In agosto le “strade bianche” sono ancora “più bianche”. Il sole a picco, il vento caldo, l’aria secca, le giornate lunghe; l’assenza di asfalto, di cemento, di lastricato… tutto concorre a formare uno strato polveroso, gessoso, dal quale, con la prima inevitabile salvifica pioggia che seguirà il torrido ferragosto, si alzerà quell’indefinibile e ristoratore odore di terreno bagnato che induce a ben sperare per domani.
Lungo quella strada bianca, che serpeggiando a larghi tornanti saliva a perdifiato verso le colline più alte, avanzavamo cercando di mantenere un passo regolare, alla stregua di ciclisti senza bicicletta. Salivamo in sei: il contadino, Toni, con gli improbabili scarponi chiodati, il lungo e flessibile ramo di nocciòlo e il cappello di paglia a proteggergli anche gli occhi; suo figlio sedicenne, svogliato e rassegnato a compiere un dovere che non riteneva di propria pertinenza; la cagnolina di una razza mai accreditata e in perpetuo movimento, avanti e indietro a percorrere il triplo della lunghezza del tragitto; mio fratello e io, tredici e undici anni, perplessi e incuriositi, ancora in dubbio sulla decisione di unirci all’estemporaneo gruppo. Infine la mucca, in marcia verso un destino riproduttivo che rientrava nella colonna “avere” della piccola azienda familiare di Toni.
Il caldo era soffocante e appiccicoso. Con atteggiamento solo apparentemente indifferente, la mucca appena scorgeva un albero sporgere sulla strada i propri rami dispensatori di un poco d’ombra, si fermava, inducendo il caposquadra a ricordarle il dovere che l’attendeva alla meta, e così le somministrava leggeri colpi sulla schiena con il lungo ramo serpentino impugnato nella destra. L’animale, rassegnato, rispondeva con uno sbuffo dalle narici e un sommesso muggito appena percettibile. Intanto non smetteva nemmeno un istante di sapientemente usare la coda per scacciare le mosche che infierivano sui suoi fianchi. La lenta marcia riprendeva, ed era come camminare avvolti nella bambagia sotto un cielo bianco e senza colore. Il sudore colava dalle tempie mentre le gocce che facevano il solletico sulla pelle delle tempie e della fronte scivolavano negli occhi. La camicia si attaccava alla schiena e sotto le ascelle. La sete non trovava più ristoro nelle borracce riempite alla fontana prima della partenza, ora inesorabilmente asciutte, così come la strada.
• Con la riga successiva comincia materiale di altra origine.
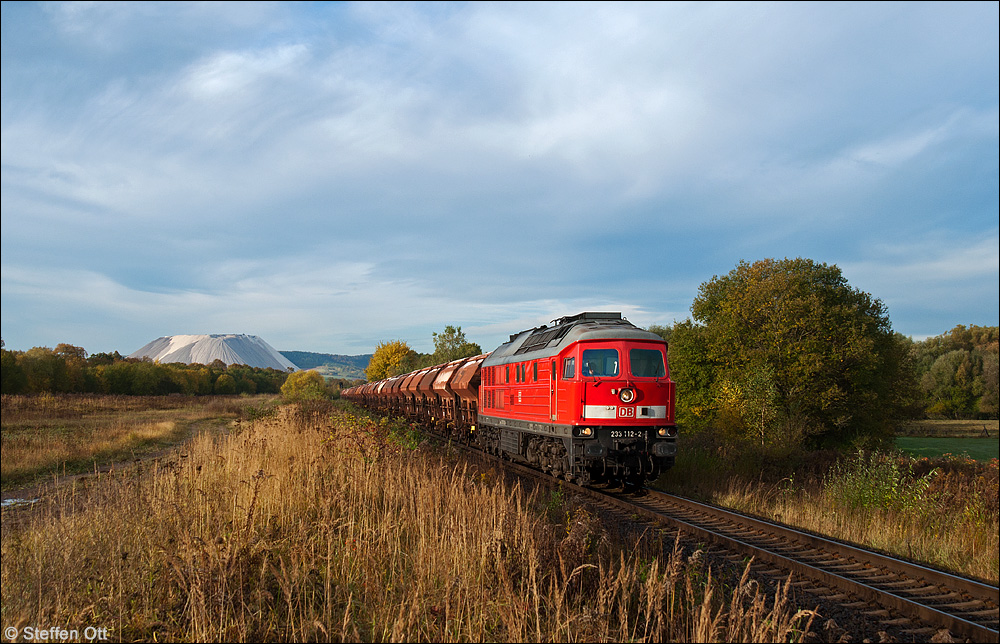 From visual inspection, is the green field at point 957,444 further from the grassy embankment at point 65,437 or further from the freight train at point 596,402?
the grassy embankment at point 65,437

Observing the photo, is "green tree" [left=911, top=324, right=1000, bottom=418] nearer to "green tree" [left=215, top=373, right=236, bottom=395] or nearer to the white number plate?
the white number plate

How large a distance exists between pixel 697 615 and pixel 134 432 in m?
25.8

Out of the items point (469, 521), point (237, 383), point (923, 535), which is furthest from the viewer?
point (237, 383)

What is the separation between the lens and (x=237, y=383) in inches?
4338

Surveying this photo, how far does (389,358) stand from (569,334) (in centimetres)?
8555

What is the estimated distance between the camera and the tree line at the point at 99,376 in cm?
2986

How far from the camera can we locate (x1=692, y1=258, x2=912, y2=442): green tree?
36688 mm

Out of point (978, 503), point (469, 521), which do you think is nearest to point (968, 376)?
point (978, 503)

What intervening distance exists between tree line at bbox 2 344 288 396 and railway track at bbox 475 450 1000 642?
31.1 metres

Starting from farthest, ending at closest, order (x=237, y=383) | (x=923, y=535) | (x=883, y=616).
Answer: (x=237, y=383) → (x=923, y=535) → (x=883, y=616)

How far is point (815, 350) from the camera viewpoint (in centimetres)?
3706

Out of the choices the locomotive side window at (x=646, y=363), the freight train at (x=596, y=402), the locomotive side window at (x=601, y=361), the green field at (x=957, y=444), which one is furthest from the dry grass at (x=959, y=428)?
the locomotive side window at (x=601, y=361)

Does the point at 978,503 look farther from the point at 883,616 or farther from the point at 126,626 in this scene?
the point at 126,626

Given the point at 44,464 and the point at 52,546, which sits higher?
the point at 52,546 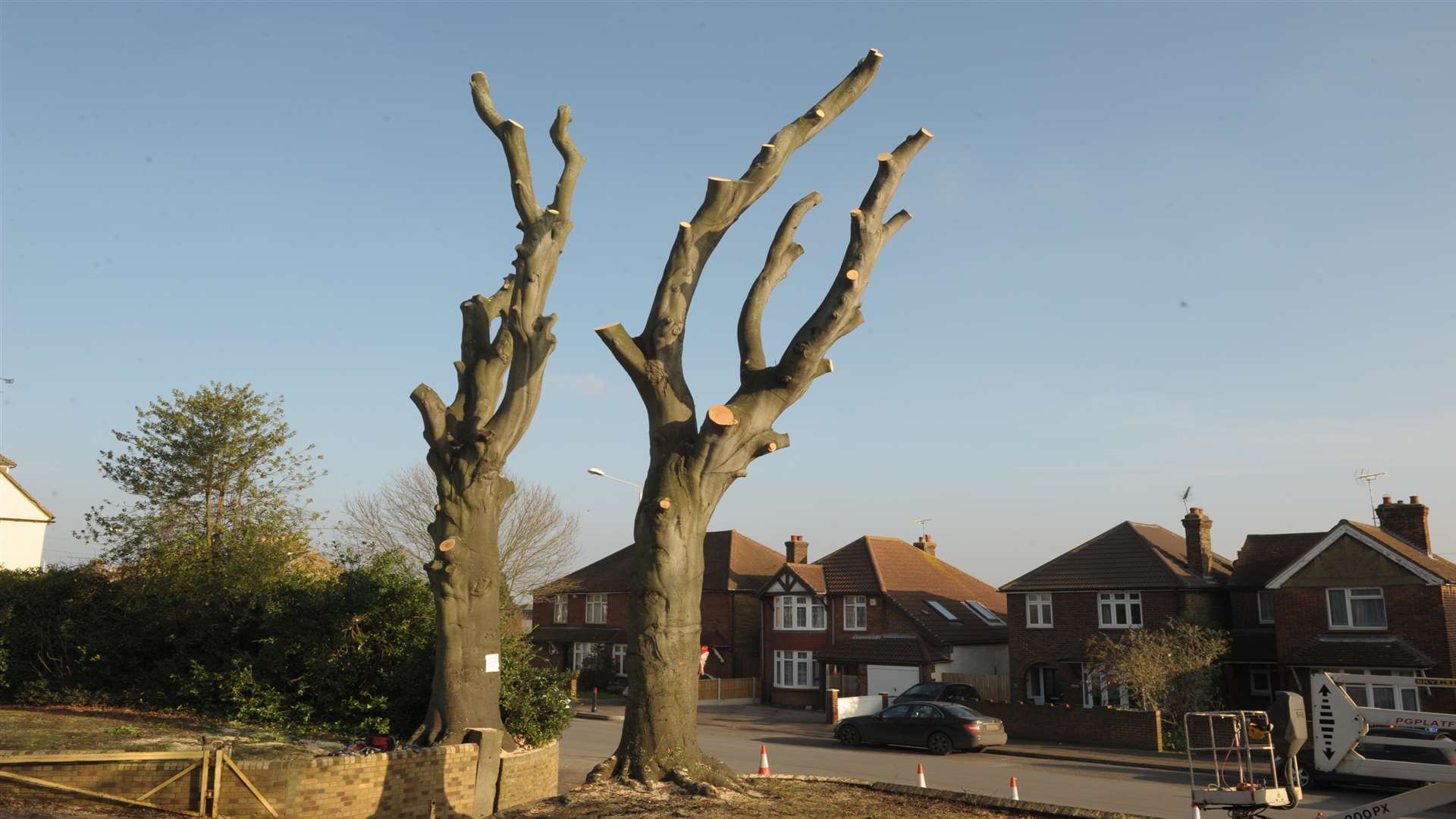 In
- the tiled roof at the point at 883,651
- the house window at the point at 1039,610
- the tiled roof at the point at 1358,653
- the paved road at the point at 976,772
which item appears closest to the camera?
the paved road at the point at 976,772

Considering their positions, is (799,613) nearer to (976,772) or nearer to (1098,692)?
(1098,692)

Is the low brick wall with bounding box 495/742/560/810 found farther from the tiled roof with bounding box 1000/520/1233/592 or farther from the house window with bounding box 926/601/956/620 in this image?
the house window with bounding box 926/601/956/620

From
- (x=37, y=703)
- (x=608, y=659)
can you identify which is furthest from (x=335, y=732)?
(x=608, y=659)

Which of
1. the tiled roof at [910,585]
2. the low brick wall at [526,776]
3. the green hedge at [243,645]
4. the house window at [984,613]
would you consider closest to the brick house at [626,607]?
the tiled roof at [910,585]

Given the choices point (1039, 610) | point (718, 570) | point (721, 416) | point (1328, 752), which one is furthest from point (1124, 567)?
point (721, 416)

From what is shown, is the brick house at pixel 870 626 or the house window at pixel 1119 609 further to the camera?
the brick house at pixel 870 626

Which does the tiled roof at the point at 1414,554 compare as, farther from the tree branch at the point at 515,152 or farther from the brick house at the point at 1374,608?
the tree branch at the point at 515,152

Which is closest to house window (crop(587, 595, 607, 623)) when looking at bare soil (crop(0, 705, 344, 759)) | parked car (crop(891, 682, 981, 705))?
parked car (crop(891, 682, 981, 705))

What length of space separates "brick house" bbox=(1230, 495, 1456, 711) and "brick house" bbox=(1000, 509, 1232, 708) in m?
2.37

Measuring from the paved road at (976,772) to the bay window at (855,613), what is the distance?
11.3 meters

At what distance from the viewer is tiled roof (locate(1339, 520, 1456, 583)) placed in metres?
27.8

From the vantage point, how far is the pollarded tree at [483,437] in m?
14.2

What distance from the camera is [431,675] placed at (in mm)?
15938

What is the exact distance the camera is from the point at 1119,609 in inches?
1308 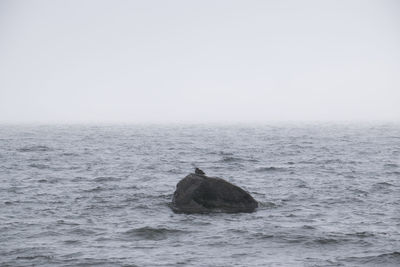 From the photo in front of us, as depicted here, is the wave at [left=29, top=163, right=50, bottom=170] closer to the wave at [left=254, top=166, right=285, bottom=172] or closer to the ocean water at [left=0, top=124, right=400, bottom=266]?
the ocean water at [left=0, top=124, right=400, bottom=266]

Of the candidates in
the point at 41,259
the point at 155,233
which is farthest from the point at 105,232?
the point at 41,259

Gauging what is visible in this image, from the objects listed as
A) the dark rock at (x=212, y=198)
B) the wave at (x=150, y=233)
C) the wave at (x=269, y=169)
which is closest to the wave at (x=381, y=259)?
the wave at (x=150, y=233)

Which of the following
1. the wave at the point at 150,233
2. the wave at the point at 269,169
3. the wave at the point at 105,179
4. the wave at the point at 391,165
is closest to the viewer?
the wave at the point at 150,233

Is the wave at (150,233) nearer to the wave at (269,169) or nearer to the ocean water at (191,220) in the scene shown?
the ocean water at (191,220)

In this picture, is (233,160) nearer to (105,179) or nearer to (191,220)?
(105,179)

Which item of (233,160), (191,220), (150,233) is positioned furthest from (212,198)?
(233,160)

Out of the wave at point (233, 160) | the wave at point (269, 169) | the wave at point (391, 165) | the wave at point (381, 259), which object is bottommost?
the wave at point (381, 259)

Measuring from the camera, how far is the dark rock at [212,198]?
21.7 metres

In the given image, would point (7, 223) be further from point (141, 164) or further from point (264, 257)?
point (141, 164)

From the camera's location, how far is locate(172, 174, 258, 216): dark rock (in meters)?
21.7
Ogni tanto incontravamo qualche essere umano che scendeva a piedi e ci guardava con occhio interrogativo: a quell’ora?… con quel sole? Noi lo guardavamo con malcelata invidia, ma sapevamo molto bene che l’ora dell’appuntamento l’aveva stabilita imprescindibilmente il padrone del toro, e quel toro era l’unico rappresentante della sua razza e del suo sesso nel raggio di chilometri. Non c’era stata possibilità di scelta o un’alternativa alla portata delle nostre doloranti gambe. Anche la cagnolina cominciava a mostrare i segni di una montante stanchezza e stava riducendo il proprio raggio d’azione. Ci precedeva di poche decine di metri, scomparendo dietro la prossima curva, ma poi restava là, seduta sulle zampe posteriori e lingua penzoloni, ad aspettare quella fila indiana dal fiato corto e dal passo pesante.
Arrivammo alla cascina tra ciangottio di volatili, abbaiare di cani e lo sguardo sonnacchioso di alcuni gatti. Arrivammo, mentre il padrone del toro, che ci aveva scorti da lontano, già stava conducendo il monumentale maschio nell’apposita stalla, tirandoselo dietro per il grosso anello che l’animale portava al naso. La mucca non si fece pregare a raggiungere il momentaneo compagno. Padrone e Toni si chiusero la pesante porta di legno alle spalle. Tra ragazzi commentammo quanto accaduto e quanto probabilmente stava per accadere. Il toro ci era parso grande quanto un bisonte, di quelli che avevamo visto nei film con cowboy, indiani e praterie sconfinate come il mare.
Prima di rientrare alla base gli uomini prosciugarono mezza bottiglia di vino rosso. Non il ristoro perfetto per una giornata di pesante calura, ma il contratto andava rispettato anche nei particolari. Il ritorno fu più facile e veloce: il sole stava calando, si erano alzate bave di brezza ristoratrice, la strada era in discesa e tutti, forse mucca esclusa, eravamo più riposati. Da domani Toni avrebbe cominciato a contare i giorni: fino a 270, o su di lì.